翌年の「権利の宣言(Bill of Rights, 1689)」によって、議会主権・法の支配・国王の責任が制度として明文化されました。
このとき、イギリス社会の土台にはすでに封建制の「契約」「合意」「法の原理」が存在していました。
つまり、立憲政治とはまったく新しい制度ではなく、封建制の契約精神が成熟した最終形だったのです。
このように見れば、イギリスの近代化は“断絶”ではなく“連続”の上に成り立っている。
封建制がもたらした「合意の政治」が、やがて自由と立憲主義の社会を生み出した――
まさにヨーロッパ史の中でも異例の発展でした。
5. フランスとの対照 ― 同じ封建制、逆の近代
観点 | フランス | イギリス |
---|---|---|
王権の出発点 | 弱い(地方諸侯が強い) | 強い(王が全国を支配) |
封建制の発展 | 王の再統合 → 絶対王政 | 王の制限 → 立憲政治 |
権力と法の関係 | 王が法を作る | 王も法に従う |
結果 | 国家主権(王=国家) | 議会主権(法=国家) |
同じ封建制でも、フランスは「弱さの克服」から国家を作り、イギリスは「強さの抑制」から自由を作った。
封建制の二つの矛盾が、二つの近代国家を生んだのです。
イギリスの封建社会は、王が強く制度を整えた社会として始まり、その強さが制限を呼び、やがて法と議会による政治へと進化した。
封建制とは、単なる中世の遺物ではなく、「法と契約に基づく統治」の出発点だったのである。
フランスが絶対王政を生んだのに対し、イギリスは封建制の内部から立憲政治を育てた――
それがイギリス史最大の逆説であり、近代世界の原点でもあった。
第4章:封建制が生んだ二つの近代 ― 絶対王政と立憲政治
同じ封建制を母胎としながら、フランスとイギリスはまったく逆の近代国家を生み出しました。
フランスでは、地方分権の克服から王権の集中へと進み、絶対王政が成立。
イギリスでは、王権の制限から立憲政治が確立しました。
この最終章では、両国の封建制を比較し、それぞれの社会がどのように「国家の統合」と「自由の制度化」という異なる近代を実現したのかを整理します。
封建制を「終わった制度」ではなく、ヨーロッパ近代を準備した土台としてとらえ直します。
1. 同じ出発点、正反対の結末
中世ヨーロッパの政治体制は、どの国も封建制を基盤としていました。
しかし、フランスとイギリスはその同じ出発点から、まったく異なる歴史的帰結をたどります。

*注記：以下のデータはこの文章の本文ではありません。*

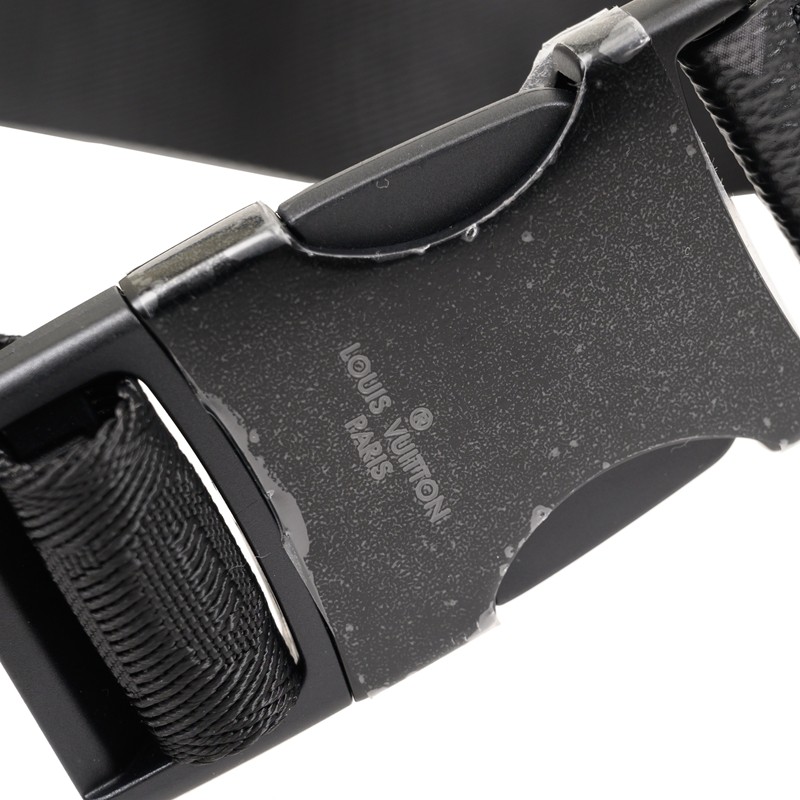 Replica Louis Vuitton Bags Catch Bumbag Monogram Eclipse M82777 AAA+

- フランス:弱い王権から出発 → 再統合によって絶対王政へ
- イギリス:強い王権から出発 → 制限によって立憲政治へ
封建制という制度が、同時に中央集権の芽と分権の原理を内包していたため、両国はそのどちらを強調するかによって、異なる近代を生み出したのです。
2. フランス ― 弱い王が国家を生んだ
フランスでは、王が弱く、地方諸侯が自立していたため、国家の統一は長らく進みませんでした。
しかし、フィリップ2世以降、王が戦争と婚姻政策で領土を拡大し、やがて封建制を再統合する形で国家を築き上げました。

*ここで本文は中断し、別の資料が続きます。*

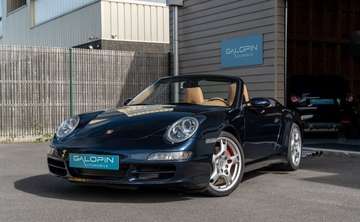 Type 997 Carrera S (997.1) 3.8 355 ch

百年戦争を経て「国民」と「国家」の観念が芽生え、ルイ14世の絶対王政によって「王=国家」という理念が完成します。
フランスでは、封建制の“分裂”があったからこそ、その克服としての“統一”が強烈な国家主義を生みました。
弱さを起点に、国家が形成されたのです。
3. イギリス ― 強い王が自由を生んだ
イギリスでは、封建制が王によって上から整備されたため、王権が封建社会の中で相対的に強く、統一的な支配が早く実現しました。
しかしその強さが、貴族・都市・議会による抵抗を呼び起こします。
マグナ=カルタ、清教徒革命、名誉革命を経て、「王も法に従う」という原則が確立され、やがて立憲政治が完成しました。
4. 二つの近代の対照
観点 | フランス | イギリス |
---|---|---|
封建制の出発点 | 王権が弱い | 王権が強い |
封建制の性格 | 地方分権的・自然発生的 | 中央集権的・制度的 |
変化の方向 | 分権の統合 → 絶対王政 | 強権の制限 → 立憲政治 |
権力の正統性 | 王の意思(国家主権) | 法と合意(議会主権) |
最終形態 | 絶対王政(ルイ14世) | 立憲政治(名誉革命) |
フランスでは「王のための秩序」が、イギリスでは「社会のための秩序」が形成された。
同じ封建制の矛盾が、二つの異なる秩序を生み出したのです。
5. 封建制の遺産 ― 近代を準備した中世
封建制はしばしば「中世的遺物」として語られますが、実際にはヨーロッパ近代を準備した土台そのものでした。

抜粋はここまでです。